Well, it is and it isn't. There's a certain amount of wife-swapping, ass-slapping, cuckold-chasing slapstick in "Rules of the Game," but even that is always on the verge of descending into violent chaos. There's a large cast of lovely ladies and chivalrous gentlemen. They make entertaining company, most of the time. They want to make love and have fun, like the rest of us. But they're also a little bored, uncertain about what to do next, not always likable. There's a shocking sequence, only a few minutes long but unforgettable, when the shooting party massacres the rabbits driven out of the woods by "beaters." (It's unmistakably real: The death toll is 12 bunnies, although it feels like 100, and the sequence of shots took two months to complete.)
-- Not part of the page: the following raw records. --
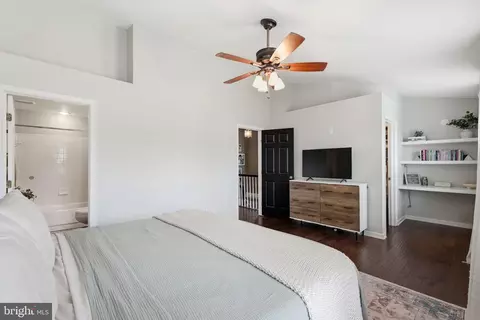 Bedroom - 43455 Postrail Sq, Ashburn, VA 20147 photo 4 of 8
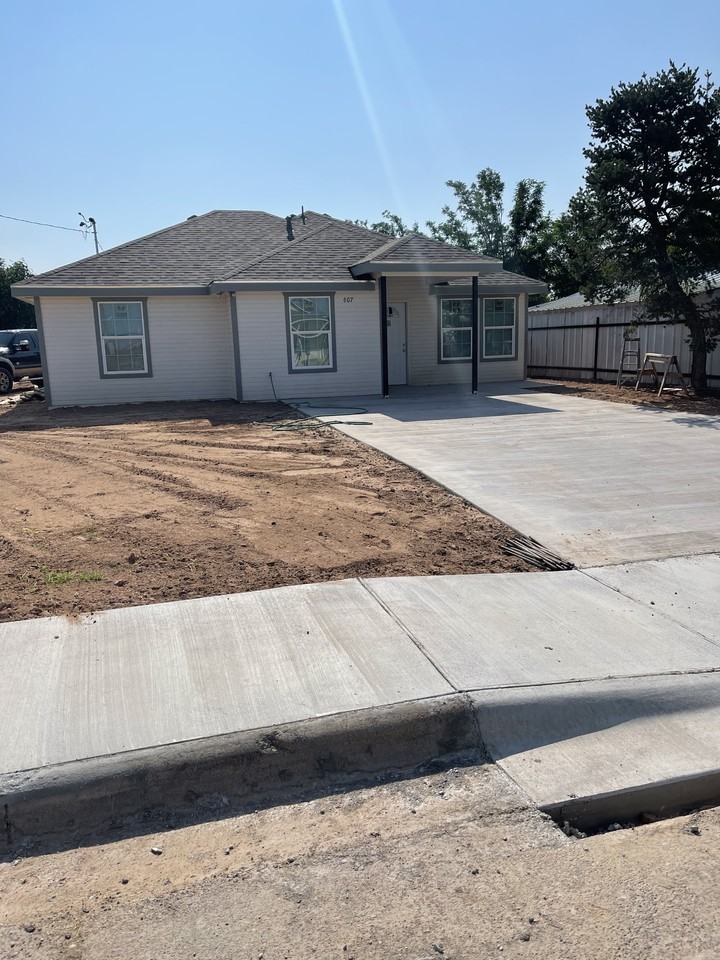 607 S Baird St #NA - Photo 2 of 9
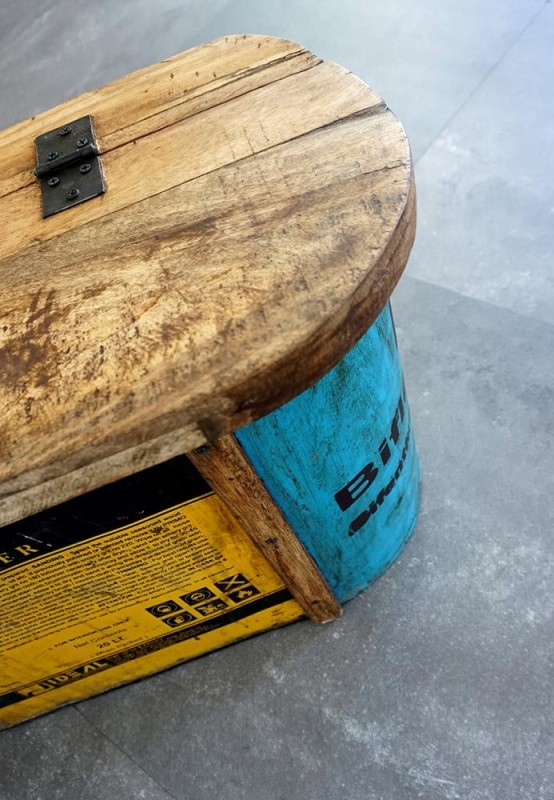 Bank van gerecycleerd metaal en hout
"Rules of the Game" has no clear central character. Octave, the genial, overweight aristocrat so memorably played by Renoir himself, may come the closest, but he's a self-loathing buffoon unable to seize his own chance at happiness, whose actions are an unstable mixture of nobility and cowardice. There isn't exactly a central event, either; the one that would provide the climax to almost any other treatment of this material -- a man is shot and killed -- is tossed off and hastily covered up, as if it were an irrelevant footnote.

Amid the tense international situation of 1939, you'd think a movie about the adventures of the idle rich and their earthier servants would be just the ticket. But not these idle rich people, or their adventures. "People go to the cinema in the hope of forgetting their everyday problems," Renoir writes in his 1974 autobiography, "and it was precisely their own worries that I plunged them into ... I depicted pleasant, sympathetic characters, but showed them in a society in process of disintegration, so that they were defeated at the outset ... The audience recognized this. The truth is that they recognized themselves."

Even this is perhaps too much interpretation, too much history. But it may be easier to appreciate "Rules of the Game" if you grasp something of its context, and if you understand that the film's tonal confusion, like its refusal to divide its large cast into heroes and villains, cheaters and victims, is deliberate. A certain fanciful subtraction may also be helpful: If you imagine a world where the films of Bergman, Truffaut, Altman, Mike Leigh and Woody Allen (among others) don't yet exist, you can begin to understand the prodigious influence of this movie. (Renoir himself would make many later films, in American exile and then back in France, including some good ones, but never got close to this level again.)